▸ WHAT YOU SHOULD DO
Would you retype exactly the lines below, starting with the one that has "A farrier rasping" and going on through the one that has "简约大气寒露节气插画海报", with no pictures and nothing else?
---------- ENTRIES SUPPLIED ----------
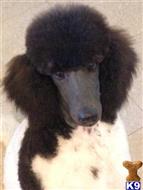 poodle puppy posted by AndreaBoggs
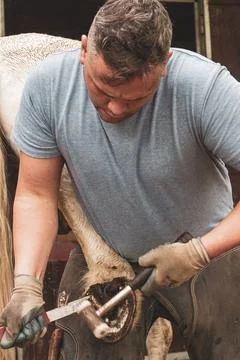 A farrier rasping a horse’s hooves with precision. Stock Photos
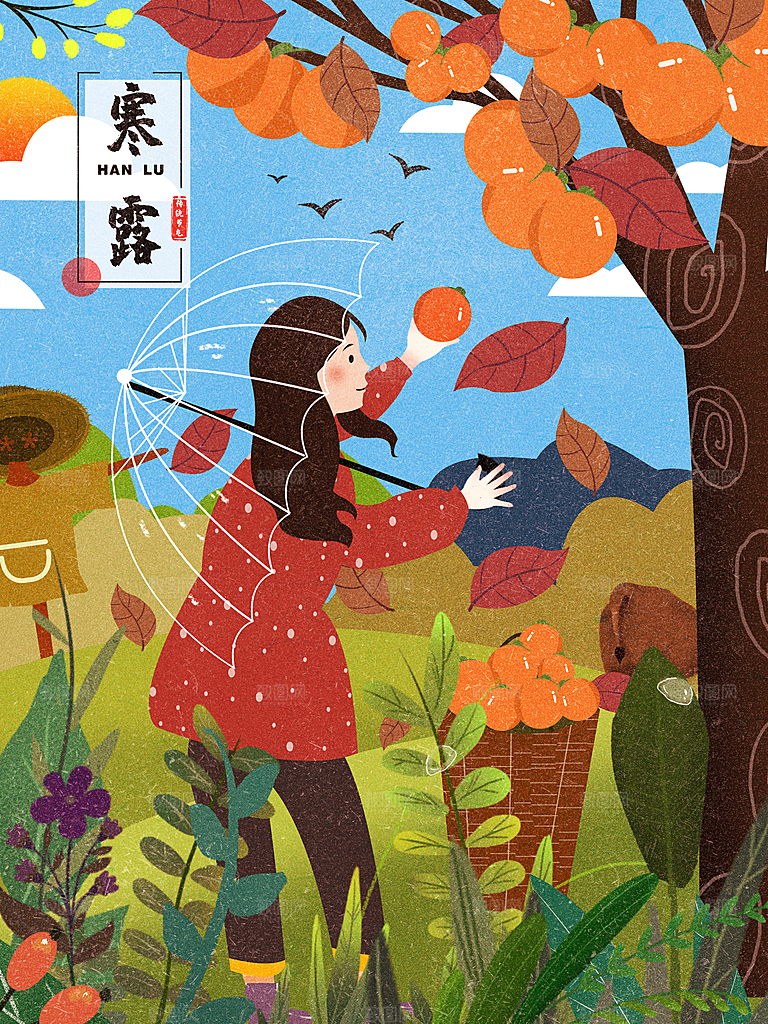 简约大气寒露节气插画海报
----------
---------- ENTRIES SUPPLIED ----------
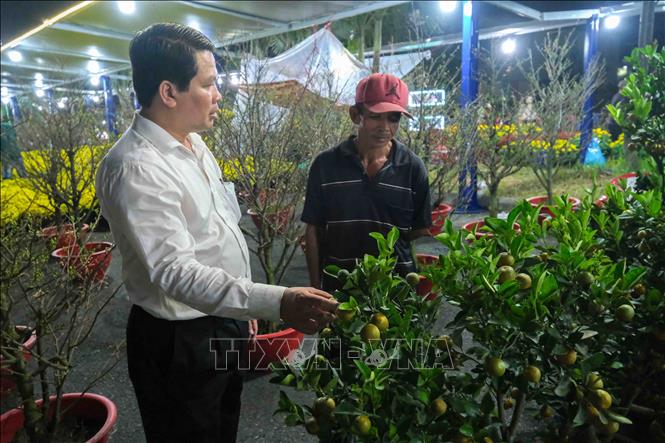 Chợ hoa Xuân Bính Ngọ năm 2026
----------
---------- ENTRIES SUPPLIED ----------
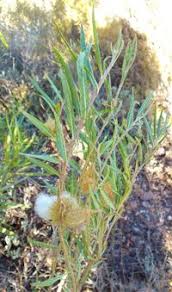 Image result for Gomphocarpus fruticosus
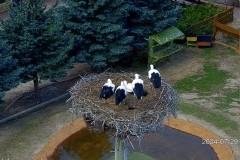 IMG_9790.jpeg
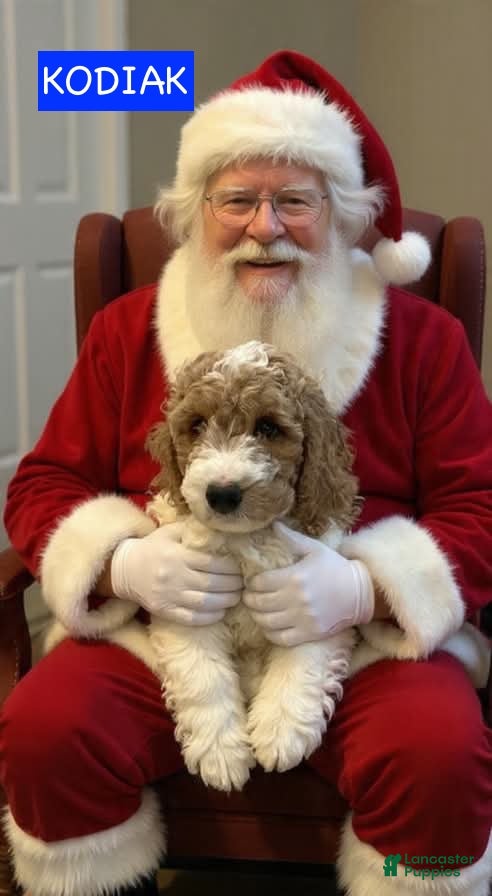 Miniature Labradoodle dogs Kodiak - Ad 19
----------
▸ ANSWER SECTION
 A farrier rasping a horse’s hooves with precision. Stock Photos
 简约大气寒露节气插画海报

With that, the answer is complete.